Once the transformations were complete, the whole gang met up at a town park and the pack of moms took way too many pictures. “Let’s have you all turn this way…okay, not that way…okay, now just the girls…okay, now everyone over by the tree…”

Next on the schedule was the big walk through at the high school. This is a brand new concept to our family. I first heard about it when my daughter went to senior prom a few years ago with a boyfriend. “A walk through? What’s a walk through?” I kept asking my girl. We’ve lived in four states since we’ve had kids in school and I’d never heard of such a thing.

What everyone from this area knows is that a walk through is the chance for parents to come to the high school and watch every single couple walk across the auditorium stage in their fancy outfits. Parents play the paparazzi and take a zillion more pictures. When it’s all over, the kids climb into cars and drive across town for the real dance.

I was very confused by this tradition when my daughter attended with her boyfriend a few years ago and hadn’t come much closer to figuring it out now that it was her official prom. Then someone at work explained it in a different way and it made a lot more sense.

“It’s a chance to see all those kids, all those friends your kid has had since kindergarten, now all grown up. Some of them you haven’t seen since elementary school and it’s so fun to see how much they’ve matured in high school!”

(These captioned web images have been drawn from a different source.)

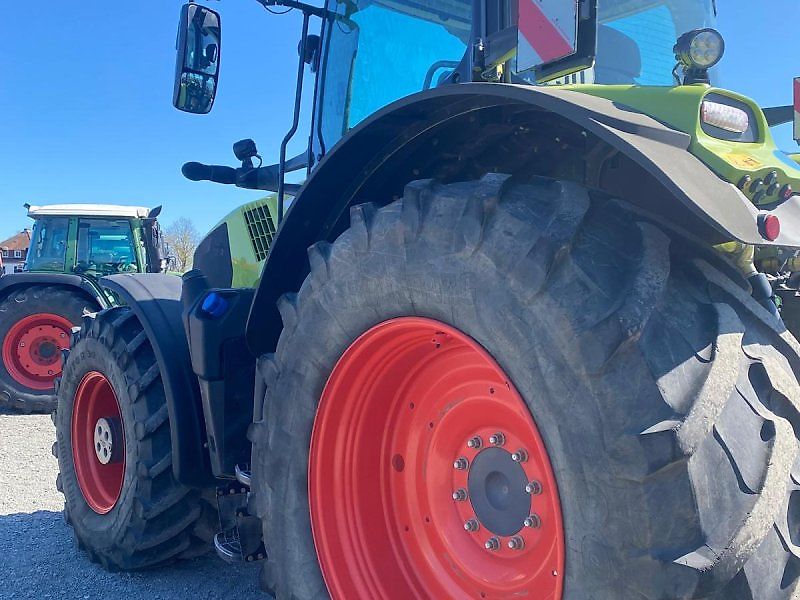 CLAAS AXION 870 C-MATIC photograph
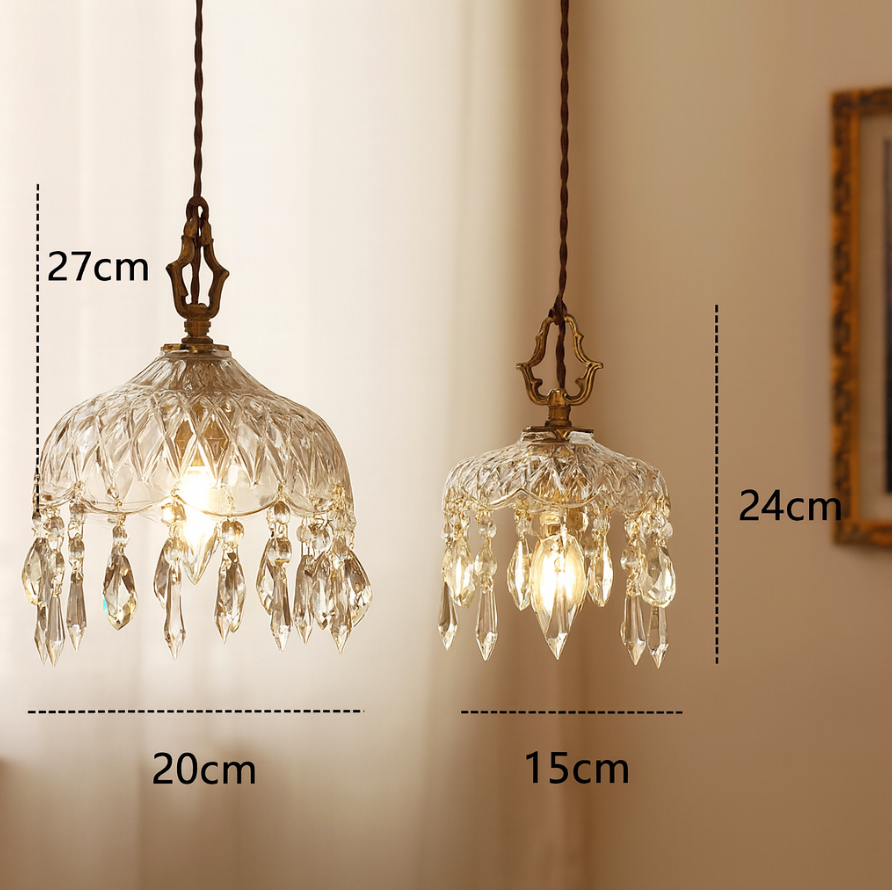 Hangende kristallen lamp in vintage stijl met messing afwerking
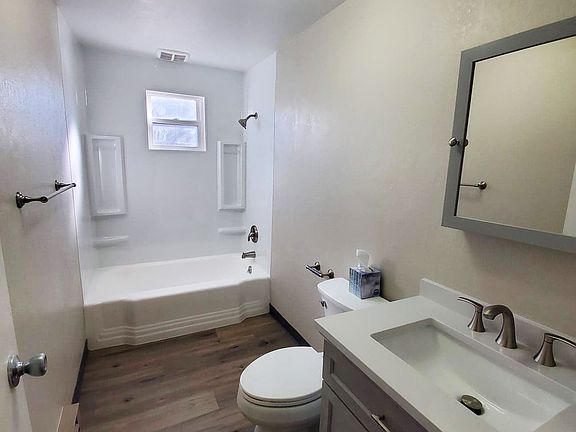 3rd image of 117 W Sussex Ave APT 2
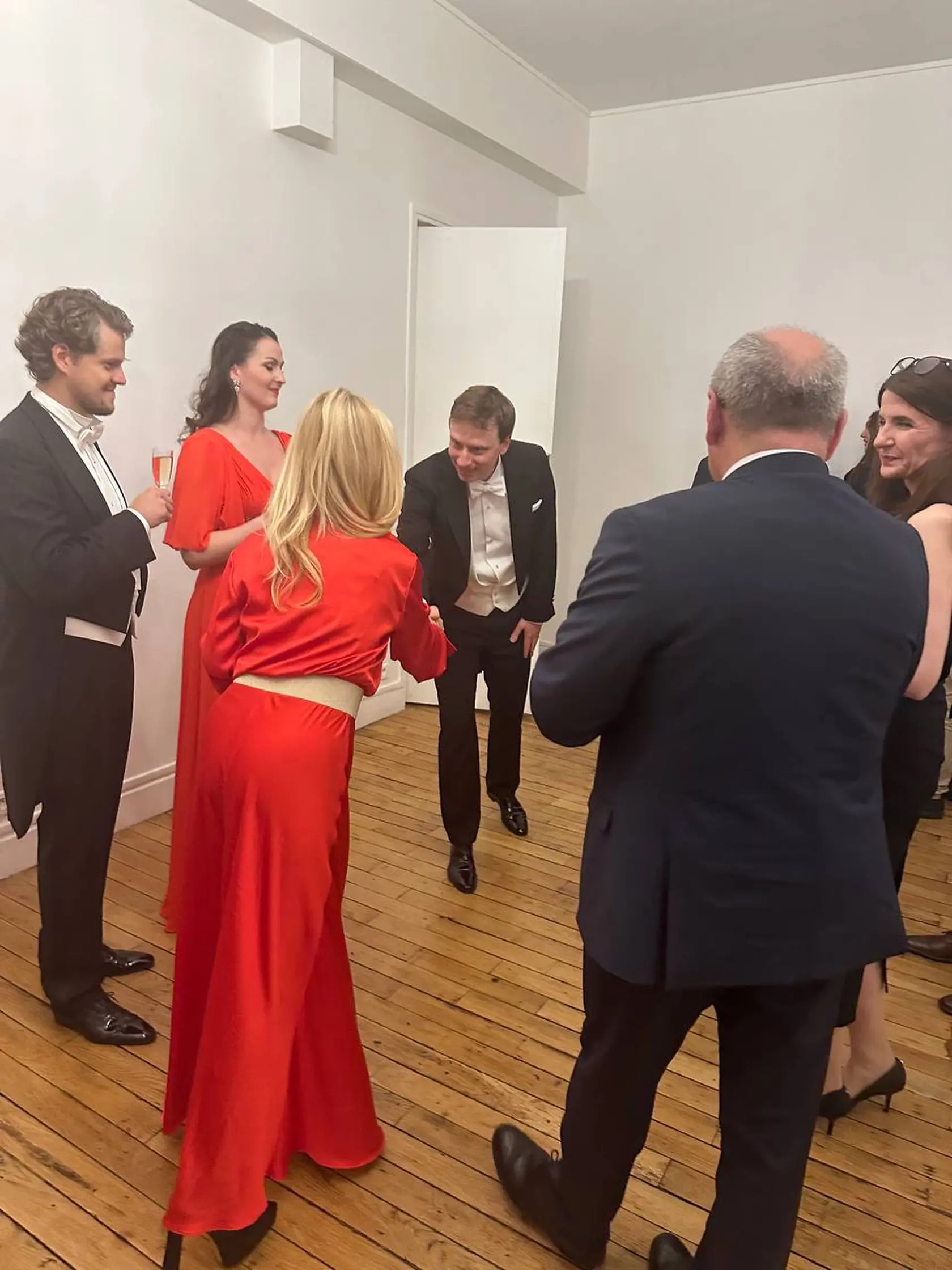 Ministerka kultúry Martina Šimkovičová (nom. SNS) na koncerte pri príležitosti ukončenia 2. svetovej vojny, ktorý organizoval Slovenský inštitút v Paríži s podporou jej rezortu. V Paríži sa ukázala v červených dlhých šatách. 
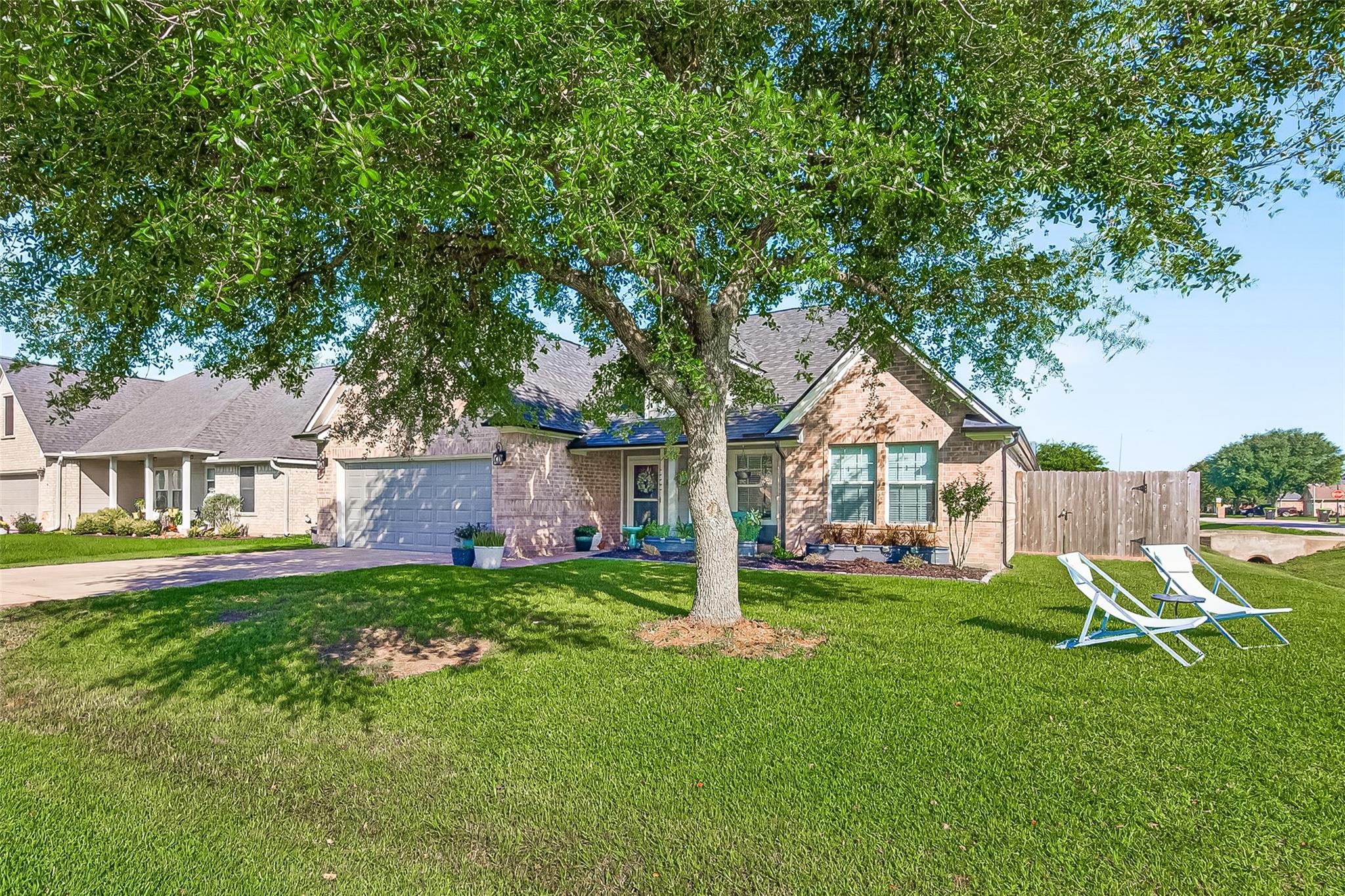 3802 Crestwood Circle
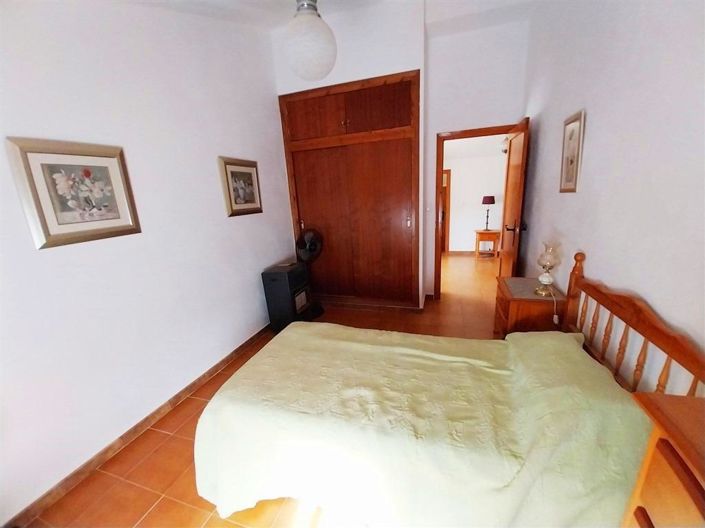 Image No.38-7 Bed Country House for sale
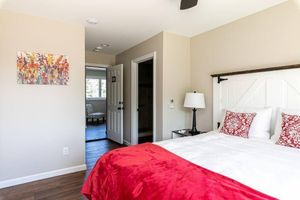 Alquiler Vacacional - Inn at 84 McIntosh: Cozy 1BR private entrance/bath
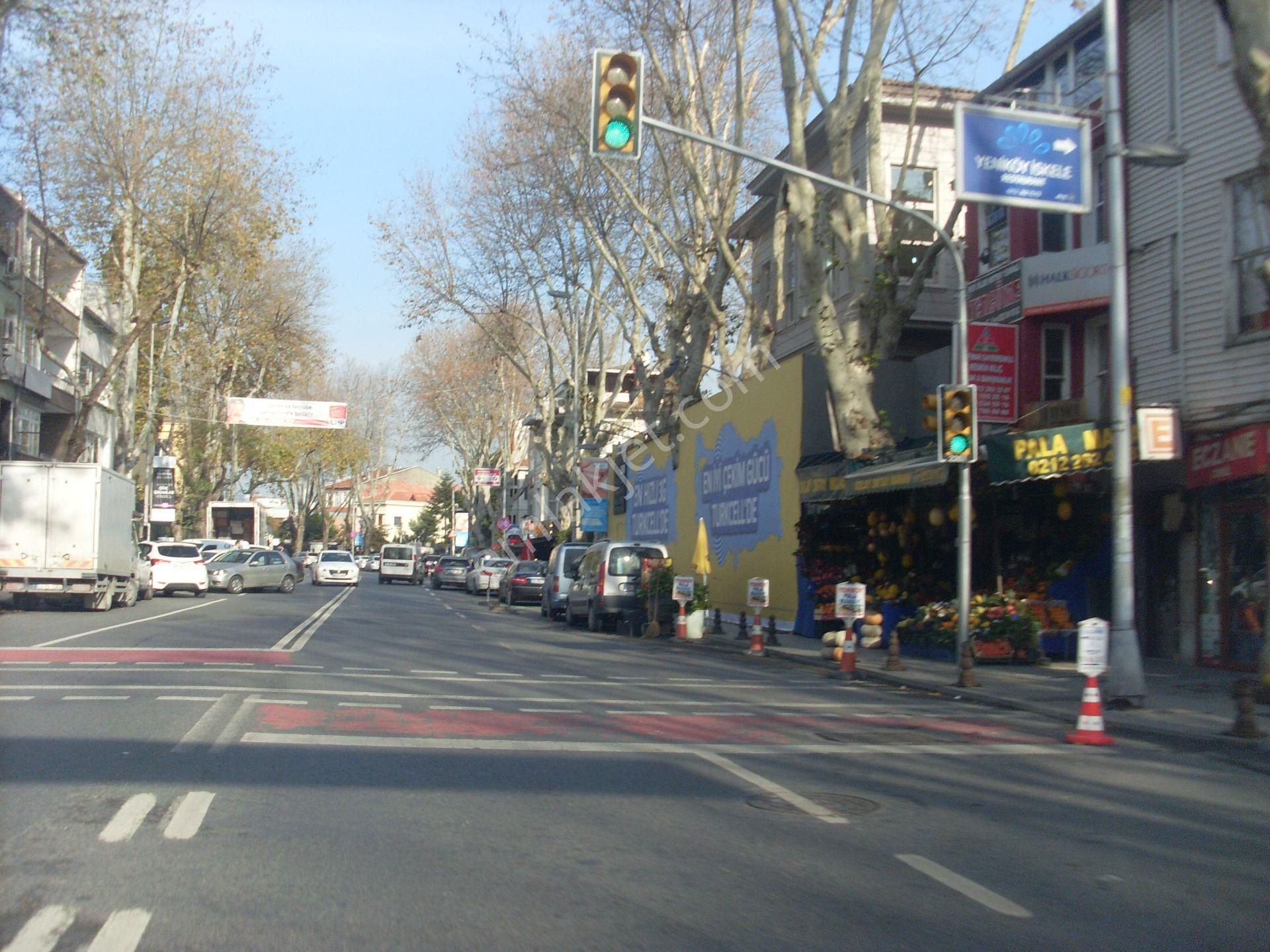 Sarıyer Yeniköy Satılık Bina  YENİKÖY CADDE ÜZERİ 4 KATLI SATILIK BİNA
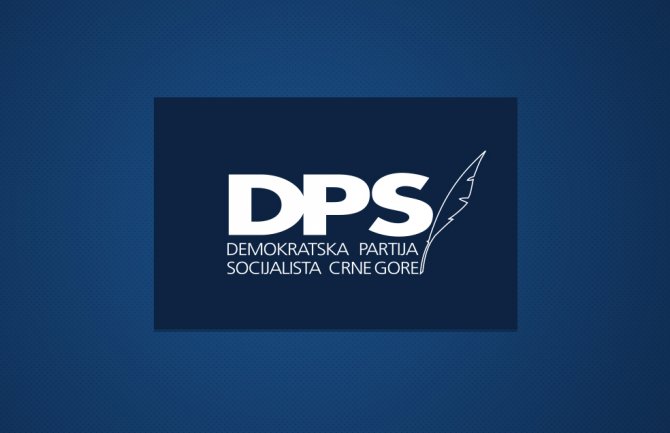 DPS: Ko želi u vladu, moraće na redovne izbore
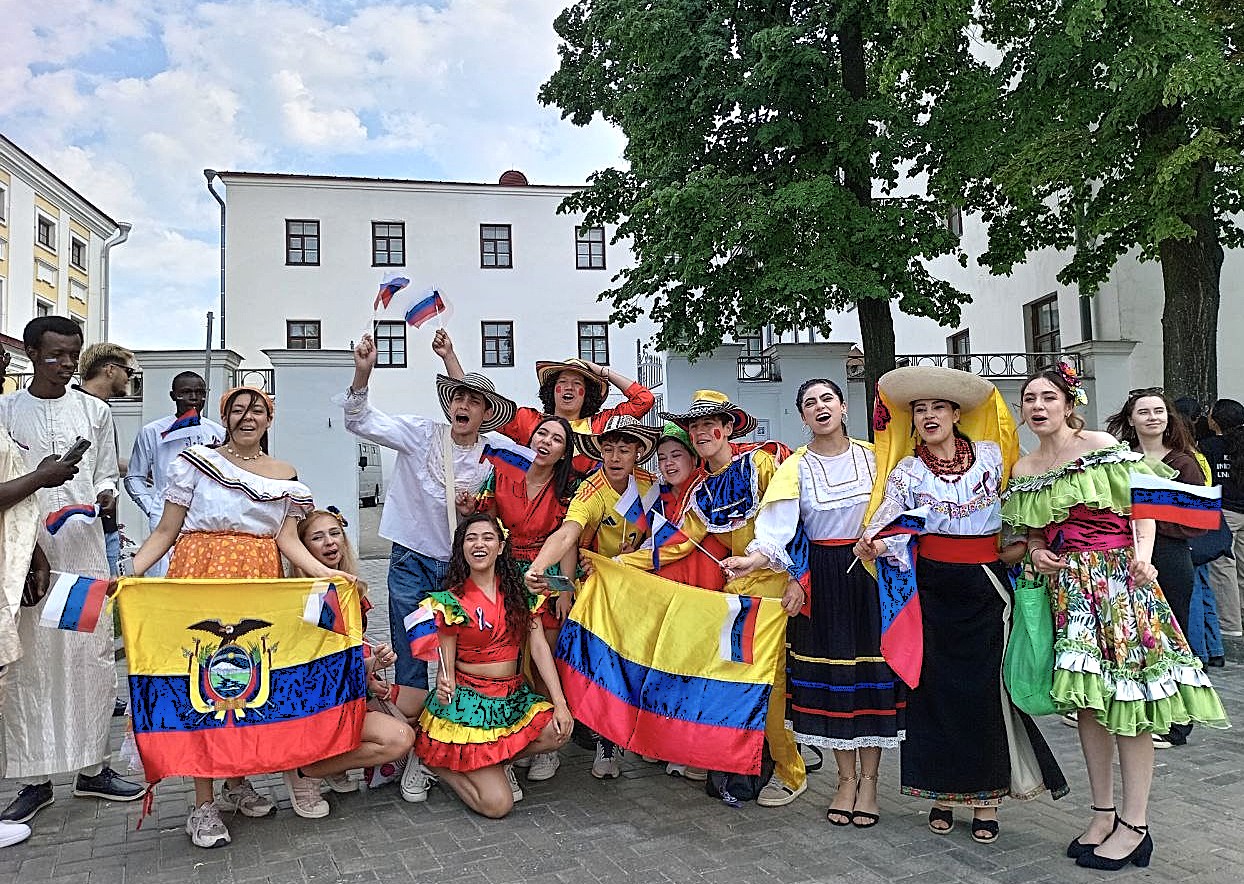 «Парад дружбы» всем участникам и зрителям дарит добрые улыбки и праздничное настроение. Фото: Ольга Иванычева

Well, well, well. That made more sense.

If we’d lived here for the last twelve years, this would have been a very different experience. For me and for my daughter. But we haven’t. We moved here just as she was starting high school. I didn’t know most of those kids who were crossing the stage on prom night. I knew only the handful of kids I’ve slowly come to meet in the past four years. Most of them were at the town park and I’d already taken their pictures. The others are older and younger than my daughter, not seniors, and not involved in this night. It was suddenly very clear to me.

This is what happens when your life choices mean your children attend several schools in their educational careers. There are always new traditions to figure out and new friends to make. Our oldest three have experienced four different school systems, in four different states. Hopefully all three will finish out their school days by walking across the graduation stage at Columbia High School.

Sam is our only child who has a chance to have the full, one school system experience. He started his kindergarten year right down the road from this house, just weeks after we’d moved to New York. So far it has been fun watching him grow up and travel through the ranks at Genet Elementary.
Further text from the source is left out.